The Christchurch Civic Creche Case

News Reports Index

1999 Jan-June



NZ Herald
April 1 1999

Potter case brings law change call
by Catherine Masters

The release of unrepentant child sex abuser Bert Potter into a community where children and other convicted paedophiles live has led to calls for a law change.

Experts who treat sexual abusers say children at Centrepoint in Albany are not safe.

They say Parole Board conditions of supervision, which Potter must live by for two years, should last his lifetime or for as long as his thinking remained so distorted.

Offenders such as Potter have no concept of the damage they did, says Lesley Afamasaga, who manages the adult programme Safe, an Auckland treatment network for sex abusers.

"His distortions are clear and present. He's not even ashamed to share that with people," she said, referring to media interviews with Potter since his release on Tuesday.

Potter placed responsibility for the offending with the outside world, failed to show any empathy with his victims and failed to accept that he did any direct harm to them, said Lesley Afamasaga.

Potter said on Tuesday that sex between adults and underage girls could be "a very healthy thing."

When offenders such as Potter were released into the community it was essential they were surrounded by well-informed adults who were aware of relapse prevention techniques, Lesley Afamasaga said.

But while a faction of adults at Centrepoint oppose Potter's teachings, a small core still support him.

Dave Mendelssohn, also convicted of child sex abuse, said on the day of Potter's release: "This whole sexual thing and the harm is only 20 years old ... if it was really so harmful it would have surfaced long before now."
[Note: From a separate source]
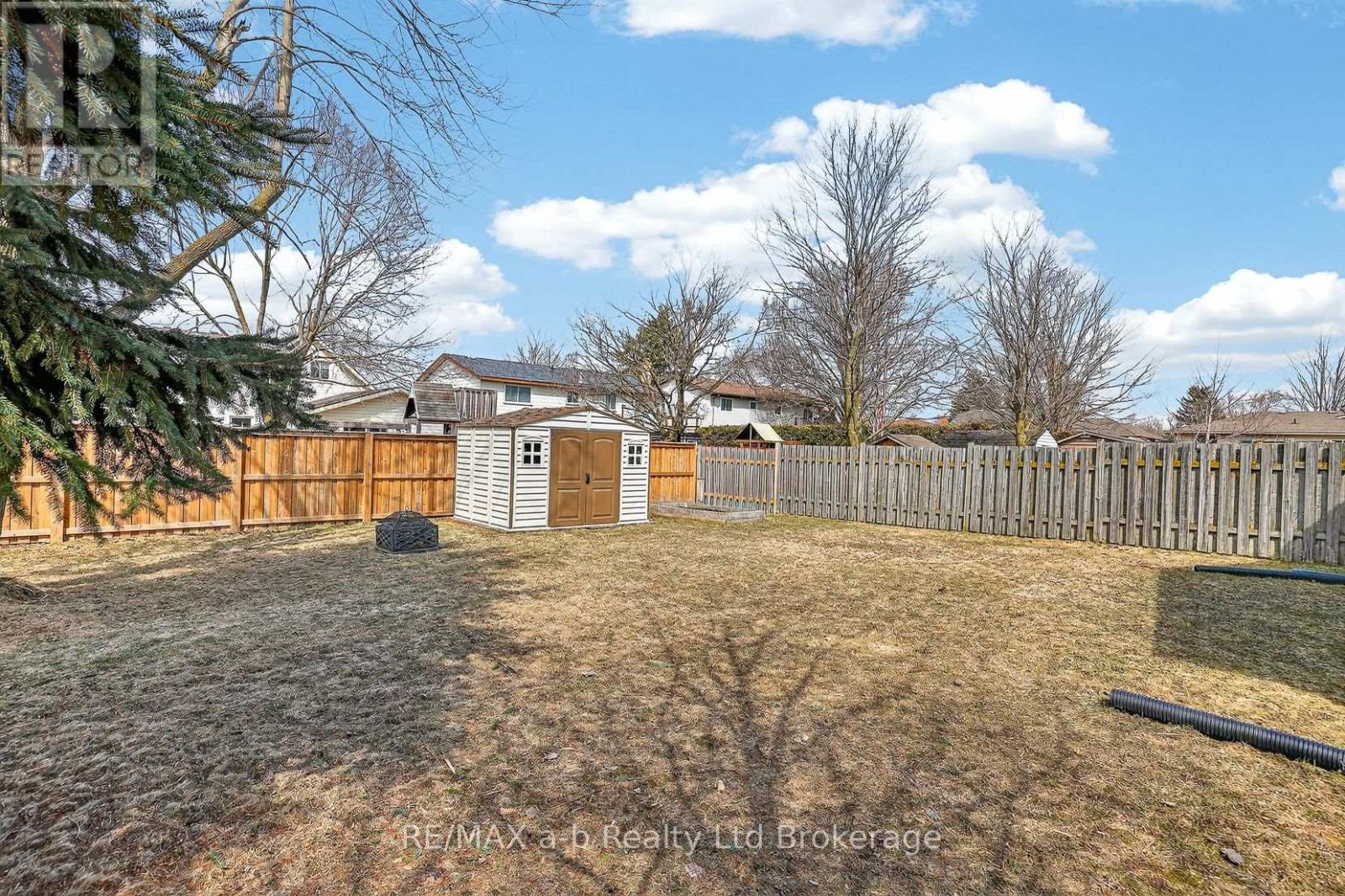 249 Arris Crescent, West Perth, Ontario  N0K 1N0 - Photo 32 - X12921734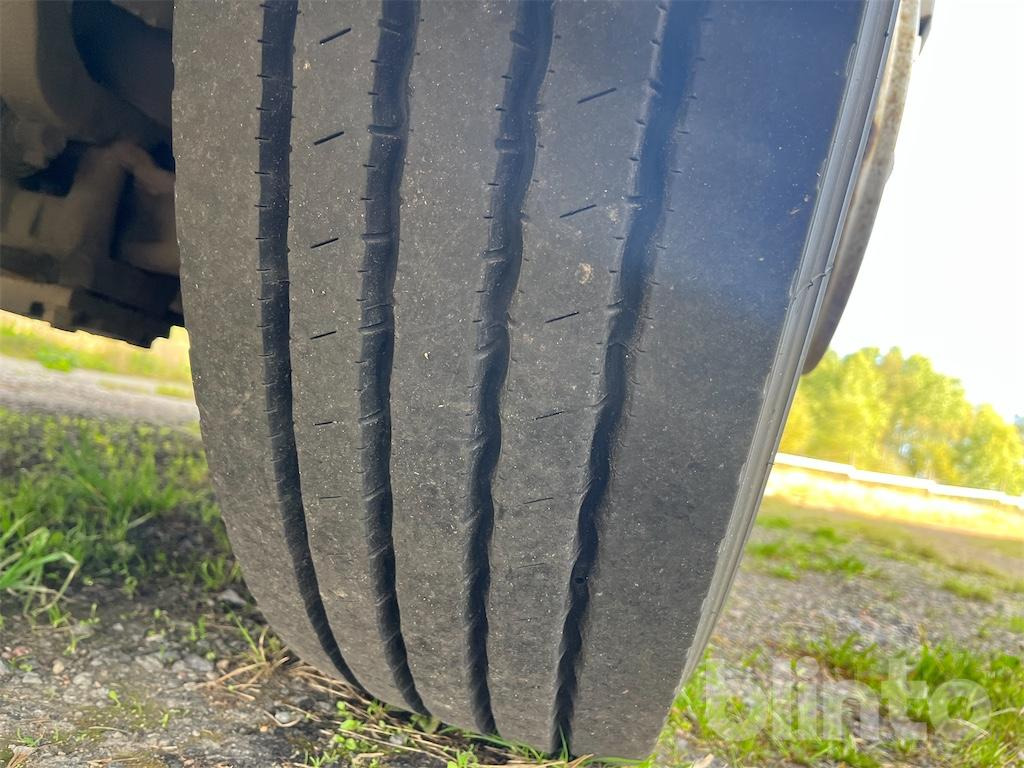 Plachtové nákladné vozidlo VOLVO FL 615 4X2: obrázok 9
Lesley Afamasaga said most offenders with cognitive distortions - or faulty thinking - had a high rate of reoffending.

Mauri Pacific MP Tau Henare yesterday attacked the Parole Board for double standards by allowing Potter back to Centrepoint but refusing parole to Christchurch creche convicted abuser Peter Ellis because he had not acknowledged or addressed his offending.

"The Parole Board has released a monster, while incarcerating a man whose innocence is a matter of conjecture."